Although the garment industry offers many people in the developing world a regular wage and steady employment, the lack of access to financial products and services for low-income workers remains a significant challenge to sustainable development. When speaking recently at the Women’s World Banking conference in Amman, Jordan, I was reminded of this gap, and of the opportunity for financial institutions to reach an untapped market by creating products and services that are relevant to this population.
At the conference, I discussed BSR’s HERfinance initiative, which aims to bring low-income workers into the formal financial system and help them better manage their incomes. On my panel, I shared the initial results from more than 400 one-on-one surveys that we conducted with garment factory workers in India, which revealed that they were still largely outside of the formal financial system, and provided data on the kind of financial products and services they need most. For example, only about 14 percent of the individuals we surveyed said they had any personal debt, while more than 60 percent said they send money home to their families. Their salaries are stored in cash or gold, and they rely on friends or acquaintances to carry their wages home to their families in neighboring villages, which exposes them to loss or theft.

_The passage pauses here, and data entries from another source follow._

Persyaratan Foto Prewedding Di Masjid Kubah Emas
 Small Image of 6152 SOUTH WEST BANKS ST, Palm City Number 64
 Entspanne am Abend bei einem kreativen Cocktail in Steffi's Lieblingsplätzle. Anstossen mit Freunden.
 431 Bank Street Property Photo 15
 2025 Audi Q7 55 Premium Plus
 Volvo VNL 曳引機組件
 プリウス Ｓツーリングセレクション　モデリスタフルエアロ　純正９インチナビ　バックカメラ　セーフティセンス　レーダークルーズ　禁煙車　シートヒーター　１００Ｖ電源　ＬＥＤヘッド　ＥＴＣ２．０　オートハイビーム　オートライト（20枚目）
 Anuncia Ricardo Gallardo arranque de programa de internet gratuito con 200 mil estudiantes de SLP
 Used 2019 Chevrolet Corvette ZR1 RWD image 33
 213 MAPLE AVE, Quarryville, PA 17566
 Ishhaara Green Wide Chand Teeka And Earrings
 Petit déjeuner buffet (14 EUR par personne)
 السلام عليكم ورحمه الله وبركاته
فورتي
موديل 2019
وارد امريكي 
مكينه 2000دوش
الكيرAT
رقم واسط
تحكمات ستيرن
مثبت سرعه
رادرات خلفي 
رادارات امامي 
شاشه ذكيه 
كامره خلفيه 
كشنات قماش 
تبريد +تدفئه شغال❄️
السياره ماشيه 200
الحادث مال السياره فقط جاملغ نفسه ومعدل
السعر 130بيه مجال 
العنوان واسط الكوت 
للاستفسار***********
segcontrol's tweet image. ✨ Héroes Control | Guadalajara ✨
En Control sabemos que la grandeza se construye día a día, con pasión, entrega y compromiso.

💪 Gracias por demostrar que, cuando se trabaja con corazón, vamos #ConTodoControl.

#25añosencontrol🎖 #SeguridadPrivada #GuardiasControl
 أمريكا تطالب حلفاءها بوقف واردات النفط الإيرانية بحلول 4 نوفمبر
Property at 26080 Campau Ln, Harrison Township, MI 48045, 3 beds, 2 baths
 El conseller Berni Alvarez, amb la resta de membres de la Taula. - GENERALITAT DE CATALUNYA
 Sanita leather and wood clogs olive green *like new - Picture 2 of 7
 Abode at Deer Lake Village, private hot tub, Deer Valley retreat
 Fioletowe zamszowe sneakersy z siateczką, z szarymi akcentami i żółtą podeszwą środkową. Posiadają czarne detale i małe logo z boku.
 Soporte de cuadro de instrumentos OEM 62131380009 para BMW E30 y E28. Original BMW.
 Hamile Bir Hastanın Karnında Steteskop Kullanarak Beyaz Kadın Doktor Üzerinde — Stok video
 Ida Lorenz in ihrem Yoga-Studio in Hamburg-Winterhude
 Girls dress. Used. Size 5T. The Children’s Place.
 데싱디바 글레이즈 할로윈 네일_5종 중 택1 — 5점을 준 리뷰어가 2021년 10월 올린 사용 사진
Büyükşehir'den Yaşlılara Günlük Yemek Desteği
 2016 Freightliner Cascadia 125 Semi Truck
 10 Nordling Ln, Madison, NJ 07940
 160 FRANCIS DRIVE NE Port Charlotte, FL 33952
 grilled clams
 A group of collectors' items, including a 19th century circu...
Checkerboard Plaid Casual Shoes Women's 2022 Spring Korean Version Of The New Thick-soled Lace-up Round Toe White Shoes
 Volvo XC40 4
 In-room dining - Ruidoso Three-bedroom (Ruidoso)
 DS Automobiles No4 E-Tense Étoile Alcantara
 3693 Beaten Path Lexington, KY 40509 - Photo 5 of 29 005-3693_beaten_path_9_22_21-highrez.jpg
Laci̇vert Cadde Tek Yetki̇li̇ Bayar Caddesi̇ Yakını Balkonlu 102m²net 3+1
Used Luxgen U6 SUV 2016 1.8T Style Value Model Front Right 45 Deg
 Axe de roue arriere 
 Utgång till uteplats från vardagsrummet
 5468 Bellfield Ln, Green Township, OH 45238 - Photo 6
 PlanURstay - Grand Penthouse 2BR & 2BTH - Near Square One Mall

Nadine Chehade from the Consultative Group to Assist the Poor (CGAP) also presented household-level research on the financial needs of low-income people in Mexico, which complemented our HERfinance research. It was clear to both of us that even for the people in the room—most of whom work for microfinance institutions that have been pioneers in creating and promoting products targeted at low-income women—there is a lack of knowledge around the financial needs, behaviors, and aspirations of low-income salaried workers. This gap has prevented financial institutions from creating products and services that are appropriate for and accessible to this group.
Historically, microfinance has meant microcredit, which helps women from poor households start or grow their own enterprises. But women who work in garment factories do so because they prefer a regular, salaried wage to the uncertainty that comes from self-employment or working in the informal economy. Therefore, low-income salaried workers are less interested in receiving credit. Rather, they are looking for a safe, convenient place to store their incomes, as well as access to financial services such as remittances and low-cost insurance.
The community-based financial institutions that attended the Women’s World Banking conference are well-suited to fill this gap because they understand how to design products for low-income women. However, in many cases, regulation prevents these institutions from taking deposits and, therefore, mainstream banks must also be part of the solution. Only when that happens will we reach the scale necessary to help low-income workers build assets and save for the future and help our society build an inclusive economy that empowers people to improve their lives and achieve their aspirations.